Dabei handelt es sich allerdings erst um erste Zahlen aus den Bildungsdirektionen. Die Zahlen schwanken darüber hinaus je nach Schultyp und Standort. Der Montag sei außerdem noch ein Übergangstag, an dem viele Eltern noch nicht endgültig entschieden hätten, hieß es aus dem Ministerium.
Autonome Entscheidung?
Direktoren- und Lehrervertreter wollen die Möglichkeit bekommen, direkt am Schulstandort über das Schließen von Klassen bzw. die Umstellung auf Distance Learning zu entscheiden. Unterdessen zeigen Elternbriefe von Schulen, dass diese etwa mit Schularbeiten in der geplanten Zeit des Lockdown unterschiedlich umgehen - gleichzeitig lassen sie darauf schließen, dass Eltern mit der Entscheidung, ihr Kind in die Schule zu schicken oder nicht, oft überfordert sind.

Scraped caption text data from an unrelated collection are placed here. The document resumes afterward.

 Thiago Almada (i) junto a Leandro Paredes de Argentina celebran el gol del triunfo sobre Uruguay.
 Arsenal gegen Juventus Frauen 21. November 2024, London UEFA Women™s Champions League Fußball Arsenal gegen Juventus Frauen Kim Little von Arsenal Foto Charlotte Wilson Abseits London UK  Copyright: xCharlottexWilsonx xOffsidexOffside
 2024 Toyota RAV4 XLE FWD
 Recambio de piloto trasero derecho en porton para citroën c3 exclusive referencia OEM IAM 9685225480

Die Details haben es in sich - unter anderem stellen sich Fragen wie der Umgang mit Schularbeiten und Tests oder das Mitkommen bei der Stoffvermittlung für die Daheimgebliebenen. Hier sind die Vorgaben des Bildungsministeriums dehnbar. So sollen etwa Tests und Schularbeiten "nach Möglichkeit nicht stattfinden". Die Vermittlung von Unterrichtsinhalten soll "den Gegebenheiten angepasst" werden. Wer nicht am Präsenzunterricht teilnimmt, ist mit "Lern- und Übungsaufgaben auszustatten", die selbst erarbeitet werden müssen - wobei die Lehrer "wenn machbar" für Fragen zur Verfügung stehen.

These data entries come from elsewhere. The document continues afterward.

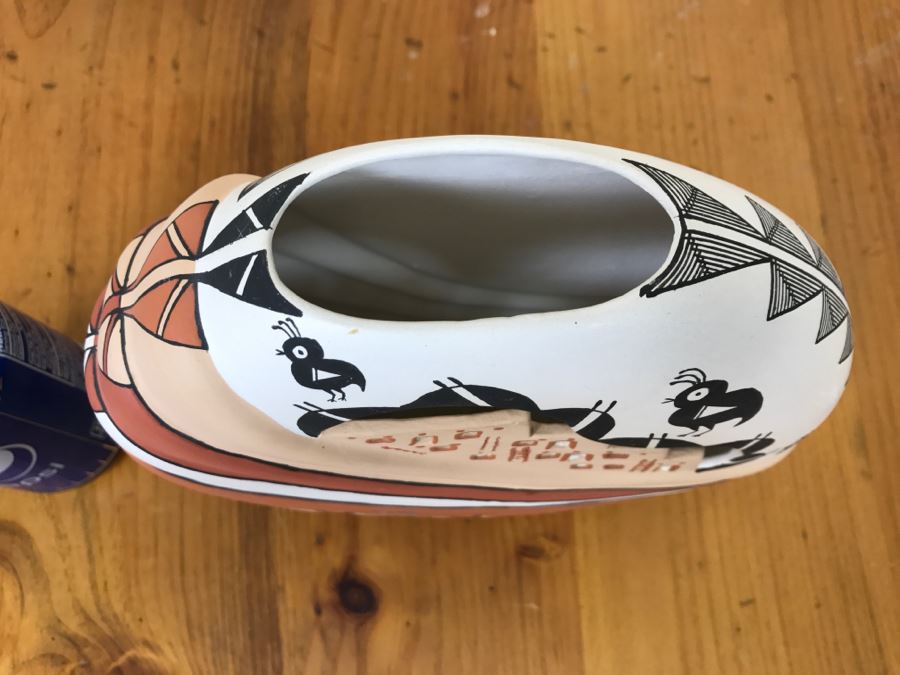 Hand Painted Native American Pottery Vase Signed N.L. Acoma, N.M. 9'W X 8.5'H X 2.5'D [Photo 8]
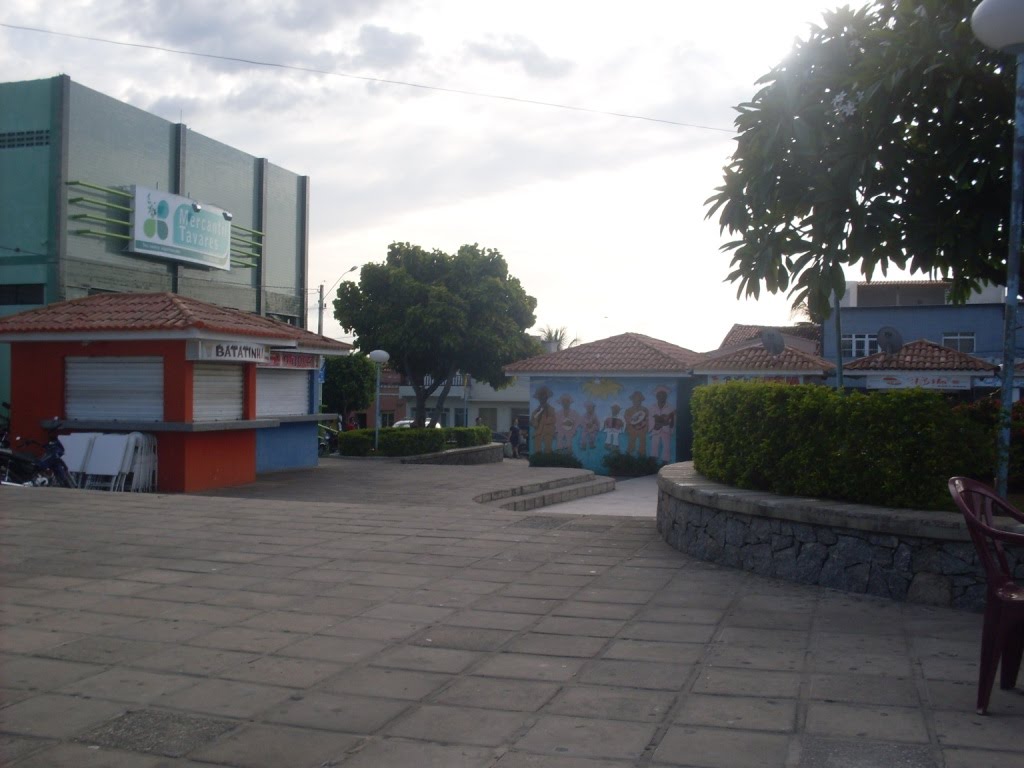 Ajudante geral da praça de alimentação de Afogados é ameaçado por homens armados enquanto trabalhava
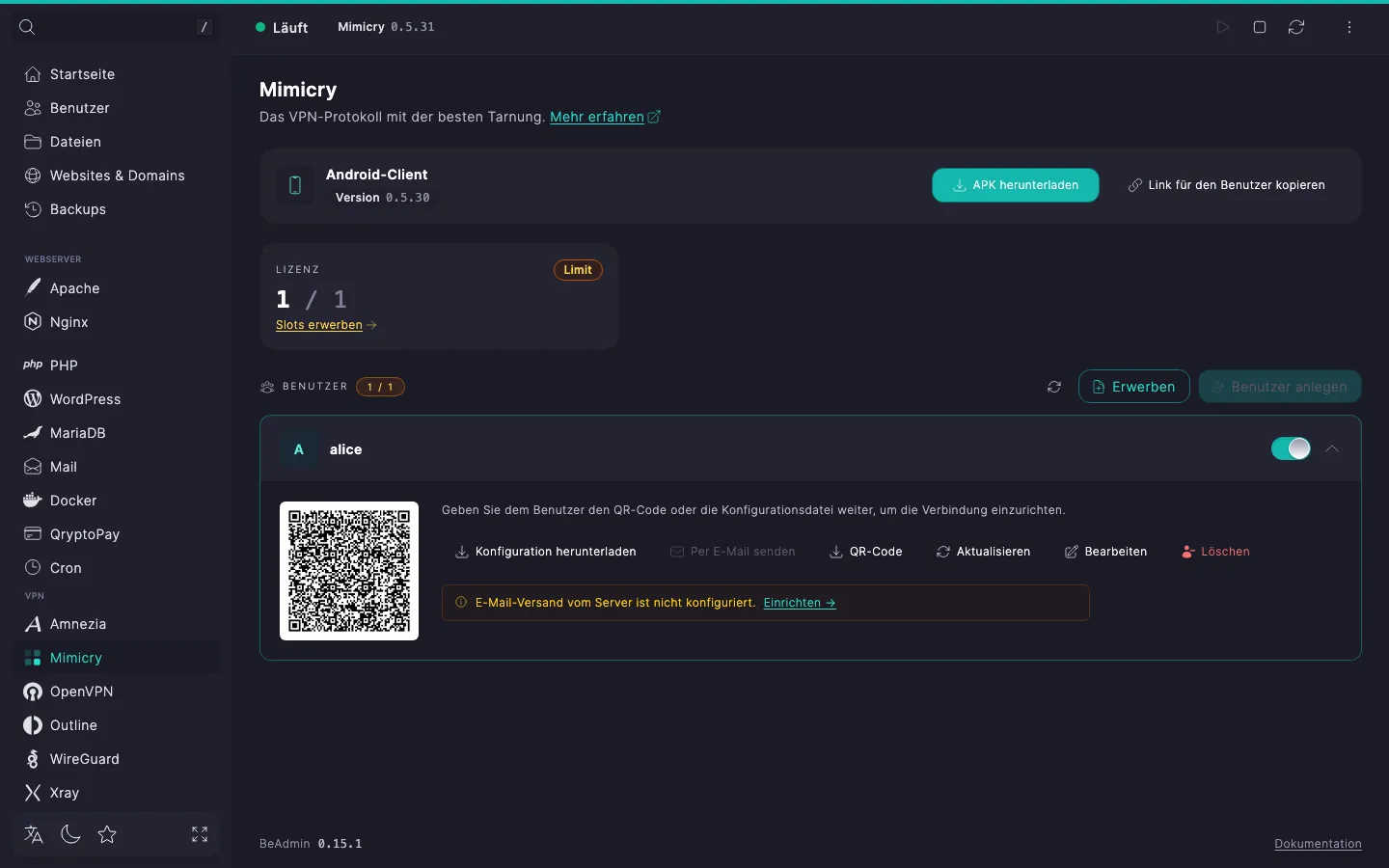 ausgeklappte Mimicry-Nutzerzeile mit QR-Code, Kacheln für E-Mail und Kommentar und den Schaltflächen «Konfiguration herunterladen», «Per E-Mail», «QR-Code», «Neu laden», «Bearbeiten», «Entfernen»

Das dürfte zu einem wahren Mail- und Anrufbombardement bei den Direktoren geführt haben, wie diverse Elternbriefe nahelegen. Ein Schulleiter spricht etwa darin von einer "unzumutbaren Entscheidung" für die Eltern und empfiehlt "vorerst" die Teilnahme am Präsenzunterricht, andere vermeiden dezidiert eine von den Eltern eingeforderte irgendwie geartete Empfehlung.

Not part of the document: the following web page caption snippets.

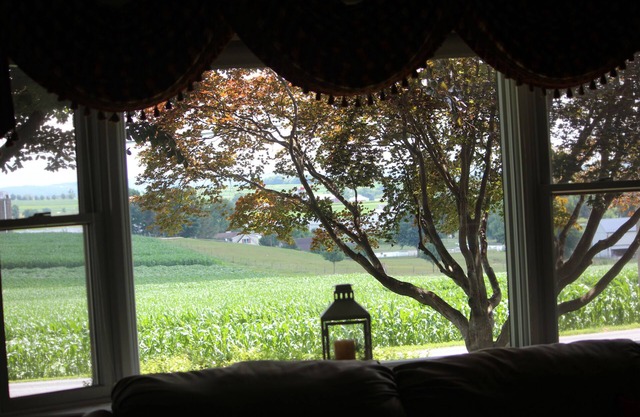 Tranquil, Scenic Farm View Guest House in the Heart of Lancaster Amish Country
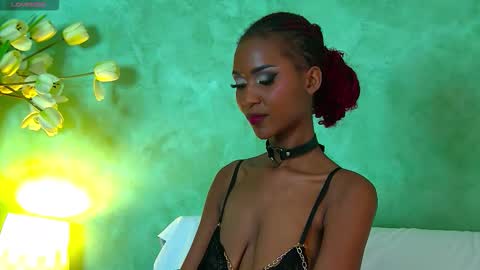 Snapshot of izzie_sugar chatting on October 18, 7:14 pm Sugar Babe online show from October 18, 7:14 pm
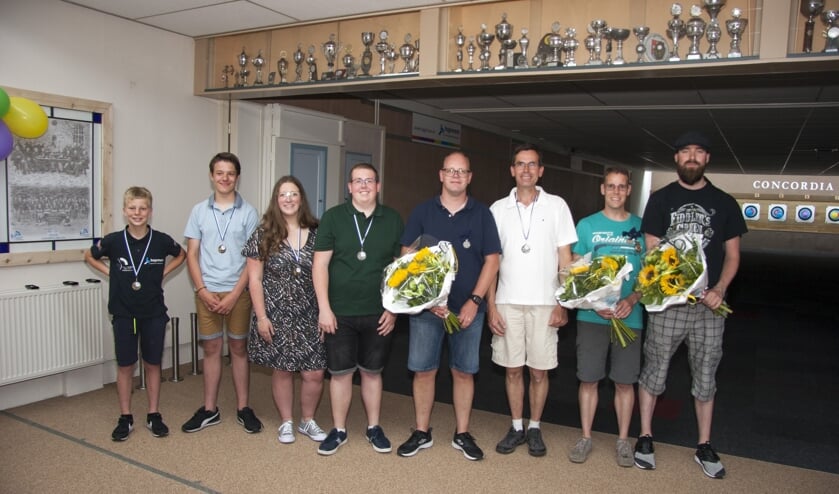 Vlnr: Ties Bergmans, Sieb Droomers, Melissa Platenburg, Michel Schuurmans, Maurice Platenburg, Jan Lemmers, Mark van Tiel en Corné van Summeren.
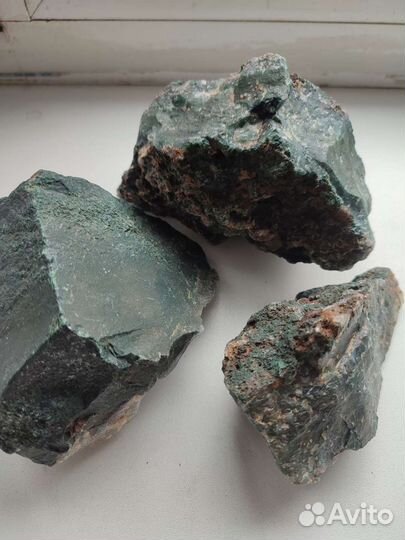 Натуральные камни жад, яшма,агат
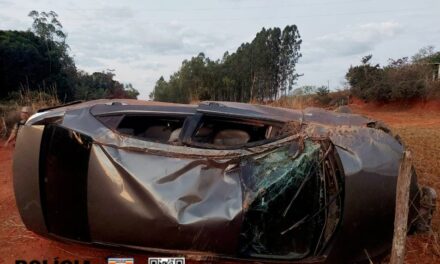 Carro capota na BR-354 em Bambuí e deixa dois homens feridos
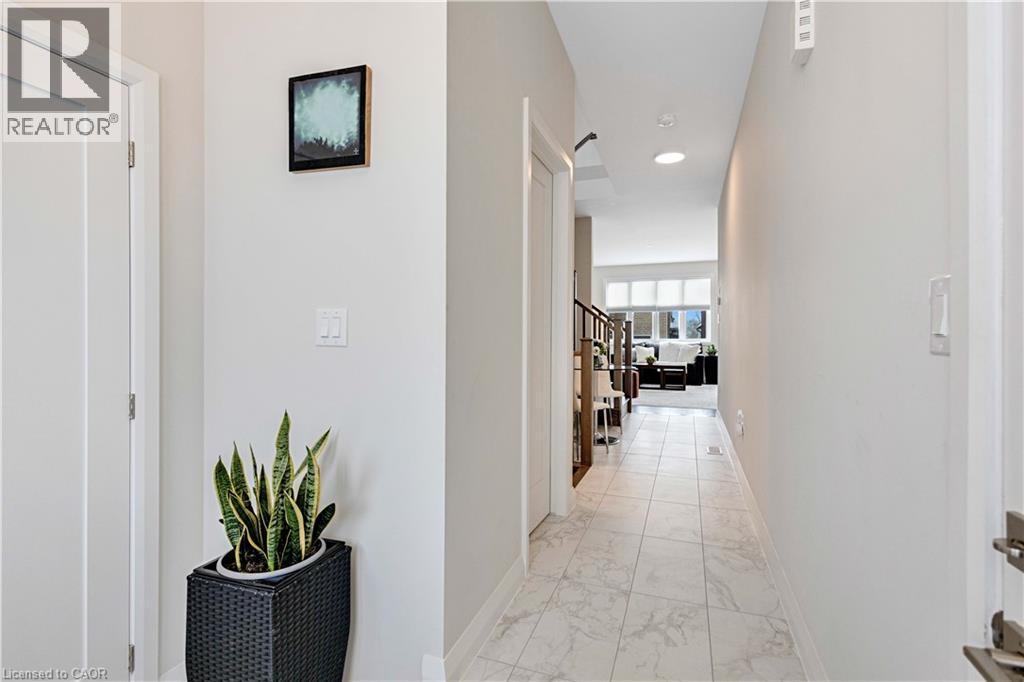 5 Cherry Blossom Heights, Hamilton, Ontario  L9B 0E9 - Photo 7 - 40792861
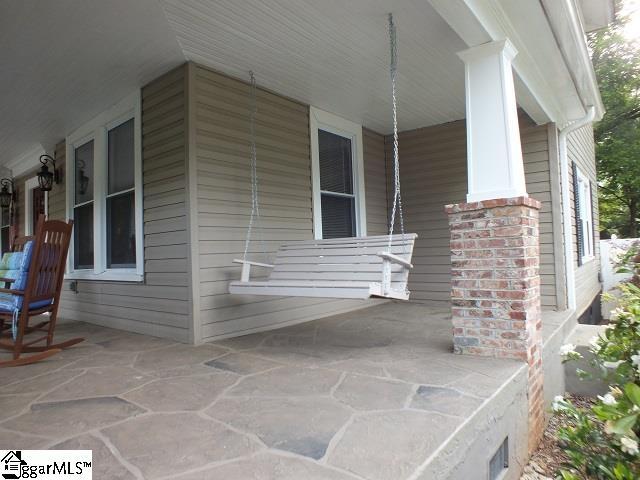 exterior space featuring a porch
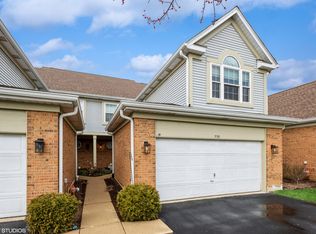 338 Cimarron Rd E, Lombard, IL 60148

An der einen Schule sollen Schularbeiten zumindest in den ersten Tagen mit den entsprechenden Schutzbestimmungen durchgeführt werden, da sich die Kinder ja schon darauf vorbereitet hätten. Andere sagen diese ab, wiederum andere machen die Entscheidung klassenweise von der Rückmeldung der Eltern bzw. der geplanten Anwesenheit der Schüler abhängig.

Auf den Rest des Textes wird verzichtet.